*** Block opens ***

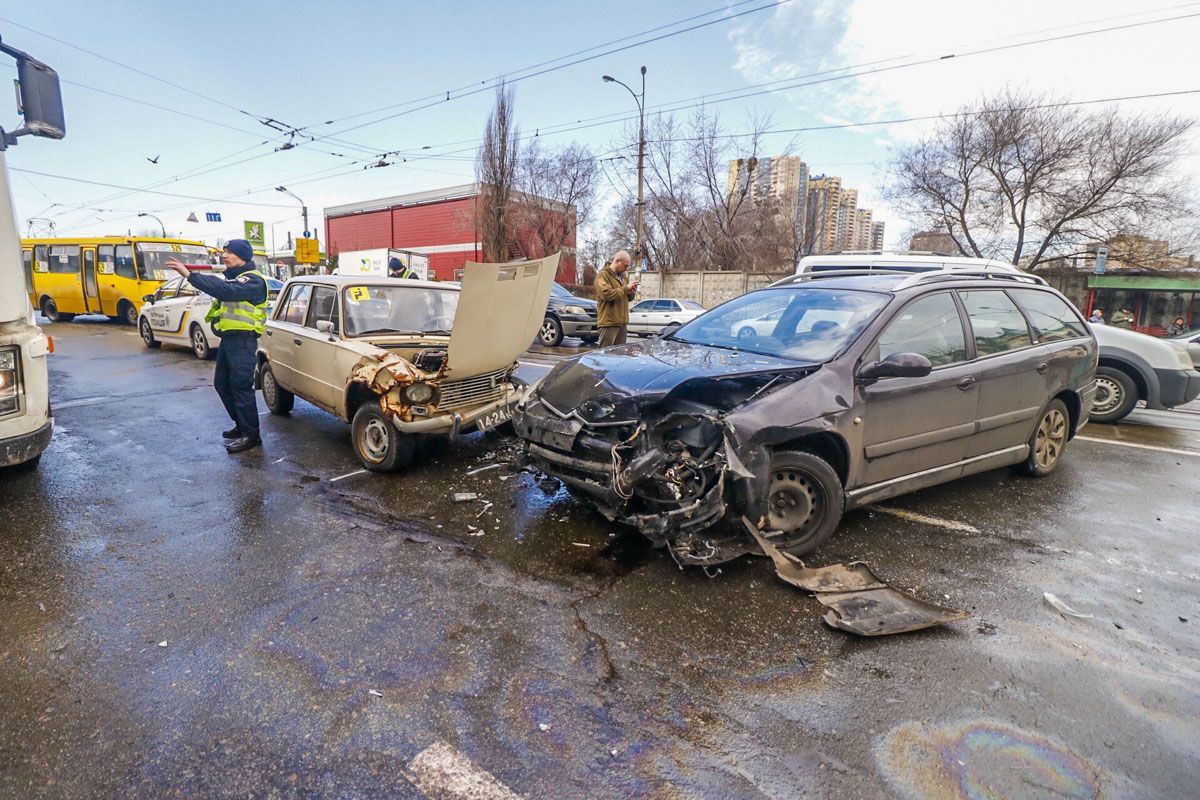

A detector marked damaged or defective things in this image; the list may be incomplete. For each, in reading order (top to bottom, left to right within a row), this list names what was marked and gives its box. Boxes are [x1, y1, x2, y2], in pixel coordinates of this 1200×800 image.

detached bumper [0, 418, 52, 468]
damaged soviet sedan [258, 255, 556, 468]
detached bumper [394, 390, 520, 438]
wrecked dark suv [516, 272, 1096, 560]
damaged soviet sedan [516, 270, 1096, 564]
detached bumper [1152, 366, 1200, 410]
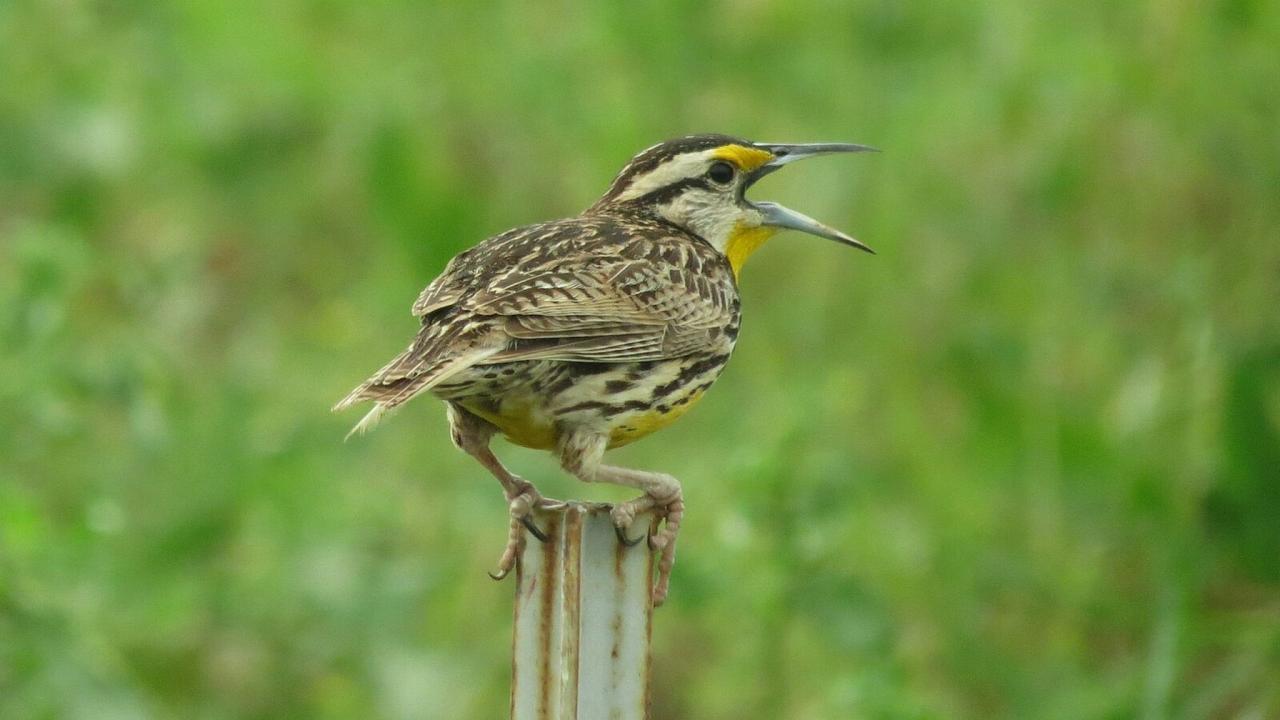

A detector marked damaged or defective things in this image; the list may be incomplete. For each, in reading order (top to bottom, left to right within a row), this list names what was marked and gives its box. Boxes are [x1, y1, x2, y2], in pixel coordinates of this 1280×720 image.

rusty metal post [510, 504, 648, 716]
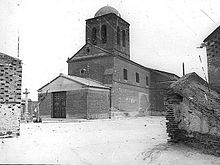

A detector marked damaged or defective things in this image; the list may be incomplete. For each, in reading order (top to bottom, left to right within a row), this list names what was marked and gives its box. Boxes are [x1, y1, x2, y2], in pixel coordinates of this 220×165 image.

damaged wall [165, 72, 220, 156]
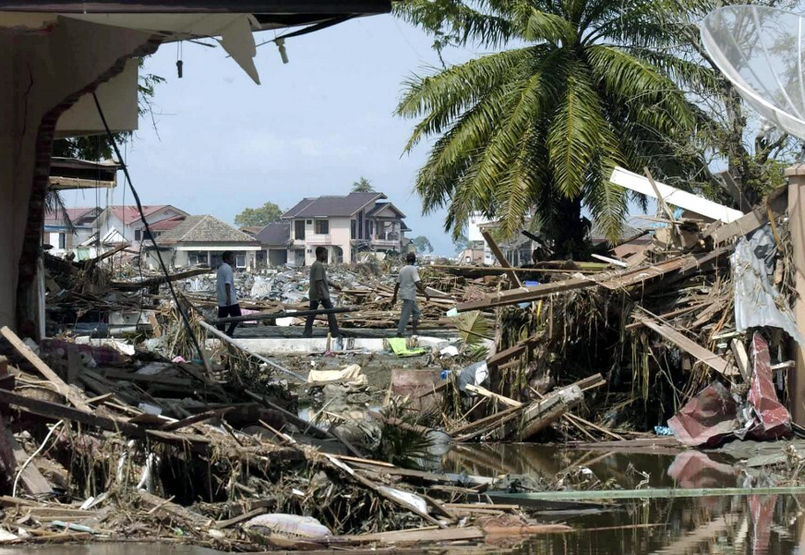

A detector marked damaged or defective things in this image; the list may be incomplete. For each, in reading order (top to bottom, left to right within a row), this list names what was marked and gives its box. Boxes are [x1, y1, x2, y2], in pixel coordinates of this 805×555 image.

damaged concrete wall [0, 17, 155, 330]
broken timber beam [484, 232, 520, 288]
broken timber beam [636, 318, 740, 378]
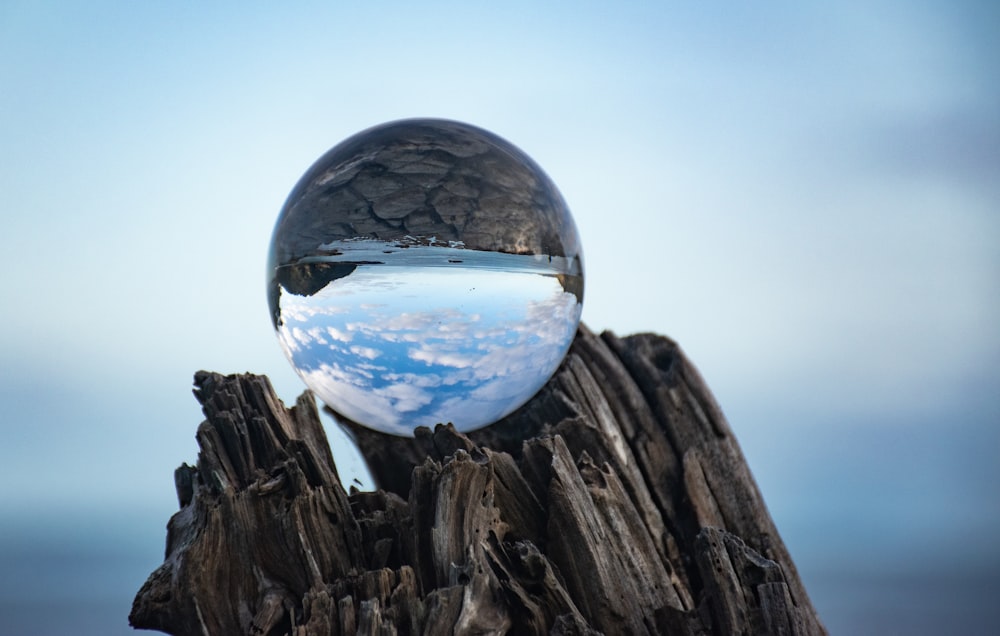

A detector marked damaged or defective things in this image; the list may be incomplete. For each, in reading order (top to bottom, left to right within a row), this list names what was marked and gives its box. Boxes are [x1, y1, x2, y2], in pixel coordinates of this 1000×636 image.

splintered wood [129, 326, 824, 632]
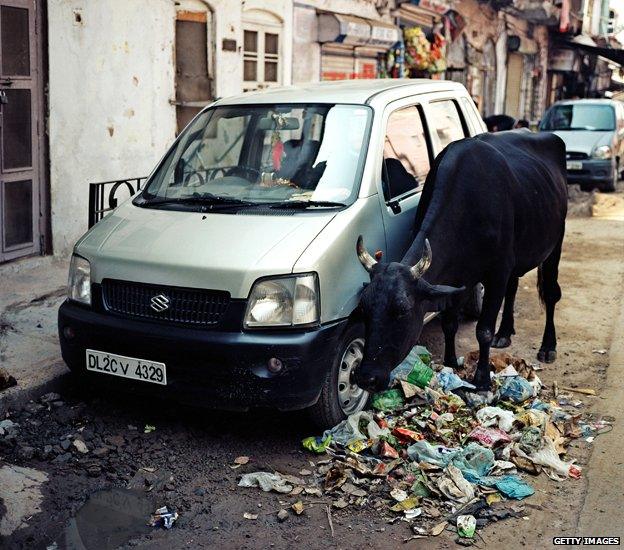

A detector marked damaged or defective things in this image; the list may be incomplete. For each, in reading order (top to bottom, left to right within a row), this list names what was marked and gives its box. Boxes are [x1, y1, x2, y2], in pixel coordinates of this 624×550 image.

peeling plaster wall [47, 0, 176, 258]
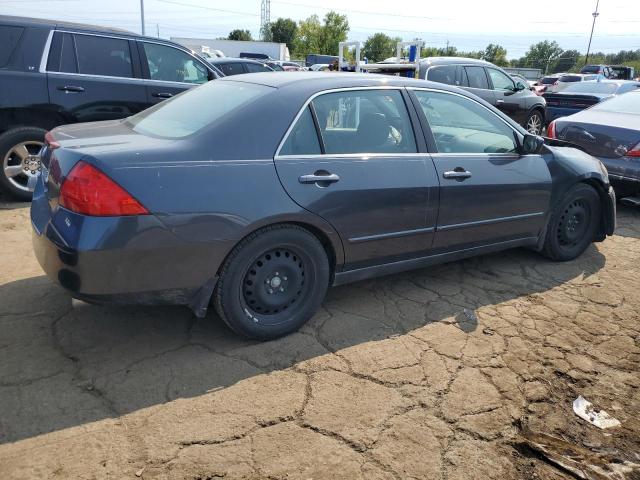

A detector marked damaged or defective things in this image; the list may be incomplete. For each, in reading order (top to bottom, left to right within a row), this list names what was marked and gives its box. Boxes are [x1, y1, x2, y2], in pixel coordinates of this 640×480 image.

cracked pavement [0, 197, 636, 478]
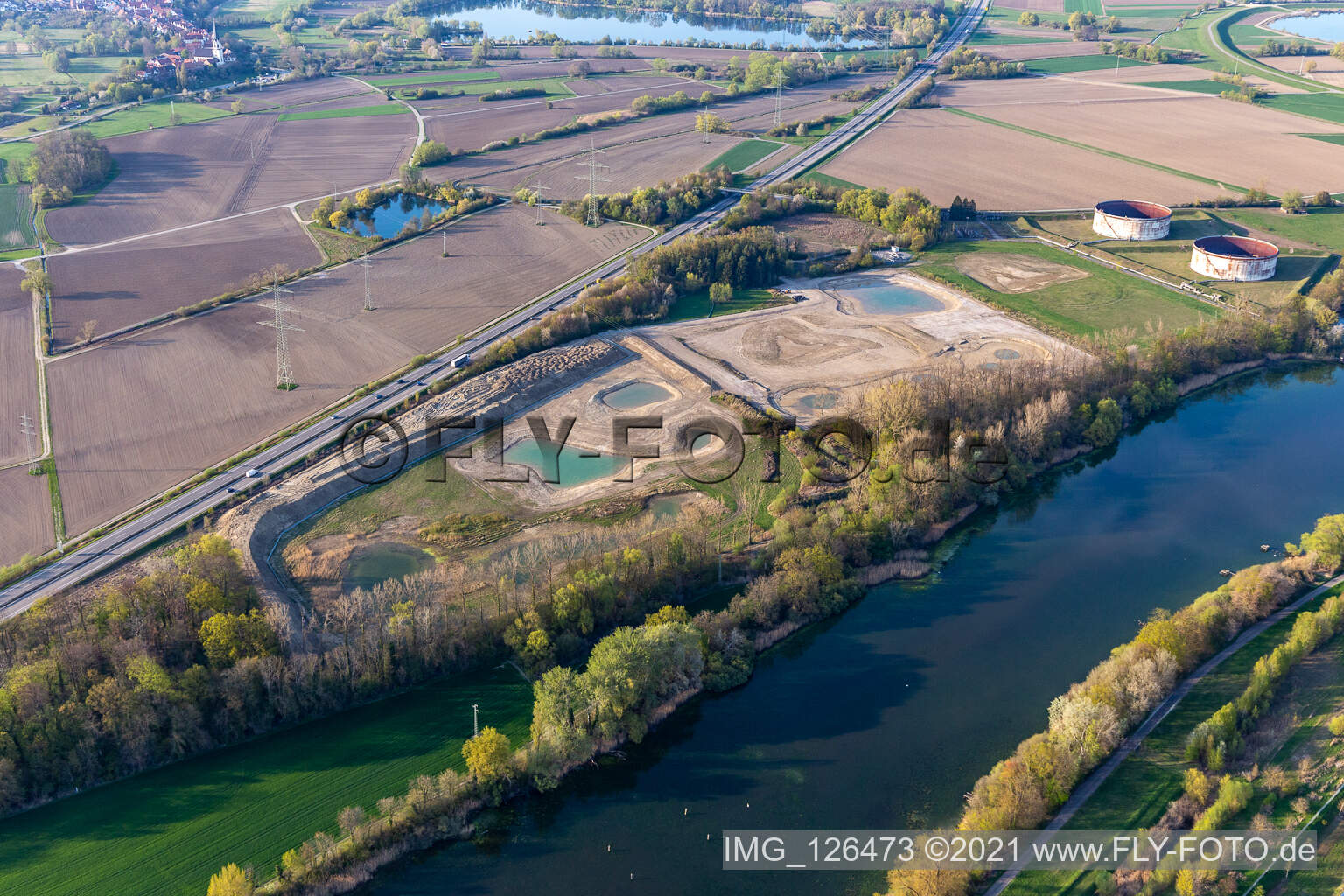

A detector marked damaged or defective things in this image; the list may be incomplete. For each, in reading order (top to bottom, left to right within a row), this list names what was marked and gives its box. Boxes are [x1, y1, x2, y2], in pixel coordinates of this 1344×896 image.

rusty storage tank [1099, 197, 1169, 238]
rusty storage tank [1190, 234, 1274, 280]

*** Block closes ***

* ASSIGNMENT: Set the pictures aside and restate word for word only the lines from the line containing "this 640×480 image." through the end of the entries above, both included.

* RESULT OF THE TASK:
A detector marked damaged or defective things in this image; the list may be incomplete. For each, in reading order (top to bottom, left to right within a row), this list names what was marked and gives its box. Boxes are [x1, y1, x2, y2], in pixel coordinates of this 640×480 image.

cracked pavement [0, 197, 636, 478]

A detector marked damaged or defective things in this image; the list may be incomplete. For each, in reading order (top to bottom, left to right within a row), this list names what was marked and gives its box. Boxes are [x1, y1, x2, y2], in pixel coordinates of this 1344×896 image.

rusty storage tank [1099, 197, 1169, 238]
rusty storage tank [1190, 234, 1274, 280]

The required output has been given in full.